## TASK BRIEF
Set down each line of the listing exactly as it reads.

================

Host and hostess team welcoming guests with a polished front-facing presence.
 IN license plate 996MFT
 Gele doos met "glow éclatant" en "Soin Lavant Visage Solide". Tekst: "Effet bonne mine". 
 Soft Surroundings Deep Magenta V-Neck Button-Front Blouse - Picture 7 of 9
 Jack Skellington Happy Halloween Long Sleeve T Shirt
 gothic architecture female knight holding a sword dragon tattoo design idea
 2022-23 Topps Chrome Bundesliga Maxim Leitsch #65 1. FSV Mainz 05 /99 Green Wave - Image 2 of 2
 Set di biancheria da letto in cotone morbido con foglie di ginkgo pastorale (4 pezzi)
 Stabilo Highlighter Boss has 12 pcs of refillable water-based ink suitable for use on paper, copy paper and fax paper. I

================

## ANSWER BOX
Host and hostess team welcoming guests with a polished front-facing presence.
 IN license plate 996MFT
 Gele doos met "glow éclatant" en "Soin Lavant Visage Solide". Tekst: "Effet bonne mine". 
 Soft Surroundings Deep Magenta V-Neck Button-Front Blouse - Picture 7 of 9
 Jack Skellington Happy Halloween Long Sleeve T Shirt
 gothic architecture female knight holding a sword dragon tattoo design idea
 2022-23 Topps Chrome Bundesliga Maxim Leitsch #65 1. FSV Mainz 05 /99 Green Wave - Image 2 of 2
 Set di biancheria da letto in cotone morbido con foglie di ginkgo pastorale (4 pezzi)
 Stabilo Highlighter Boss has 12 pcs of refillable water-based ink suitable for use on paper, copy paper and fax paper. I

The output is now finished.